Editor's note: Until their employer agrees to negotiate fairly, farmworkers in Washington State want consumers to avoid all Driscoll's, Häagen-Dazs and Yoplait products that contain berries grown on the notorious Sakuma Brothers farm.
Farm workers in Washington state are fighting for fairer pay and better treatment, and they need support from consumers. These workers, who pick strawberries for the notorious Sakuma Brothers Berry Farm, have been subjected to a wide range of abuses for years, such as inadequate piece rates, systematic wage theft, racist and sexist abuse from supervisors, substandard housing, and continuous retaliation for their efforts to improve conditions.

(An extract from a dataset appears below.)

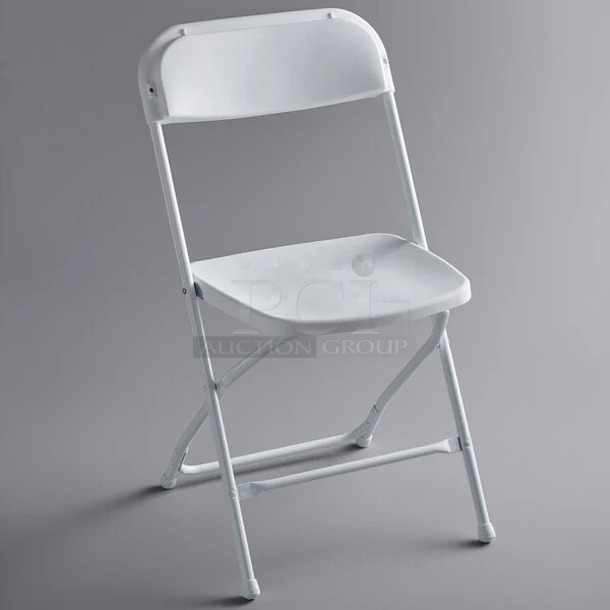 Box of 10 BRAND NEW SCRATCH AND DENT! Lancaster Table & Seating 384DG64299WH White Textured and Contoured Folding Chair. May Be Missing Pieces. - Image 1 of 3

The Sakuma Brothers berry farm, located in Burlington, WA, supplies strawberries to Driscoll’s, a familiar label to many consumers. Even here in faraway, still-wintry Ontario, Driscoll’s is the only brand of fresh strawberries available year-round at my local grocery store. Sakuma also sells berries to Häagen-Dazs and Yoplait.
The strawberry pickers, many of whom come from Oaxaca, Mexico, first created an independent farmworker union in 2013 called Familias Unidas por la Justicia (FUJ). The union has been recognized by the state labor council and has even won legal victories, but Sakuma Brothers still refuses to negotiate. Instead, it has tried to dodge hiring unionized workers by applying for more migrant guest workers under the H-2A program, something that is not allowed unless an employer is experiencing a shortage of local labor supply. Sakuma Brothers will not meet with the farmworkers, spending thousands of dollars instead on PR firms and labor consultants to undermine the union.
Carmen Juarez Ventura describes what it’s like to work on the farm (via Fair World Project):
“One gains nothing here, nothing to survive. Working and working. Sometimes [the checkers] steal pounds. Sometimes rotten berries make it into the bucket. ‘Eat that one!’ they say, throwing it into your face. … You don’t make enough even to eat. I have two children, and it is very ugly here, very ugly work in the field.”
Ventura’s description doesn’t even go into the details of dangerous chemical exposure. Strawberries plants produce fruit every two days, which means that pesticide management and picking often occur right on top of each other. Civil Eats reports that “strawberry pickers are more susceptible to pesticide exposure than the average farmworker because the fields are more densely planted than other crops, meaning chemicals are being sprayed or are drifting closer to farmworkers.”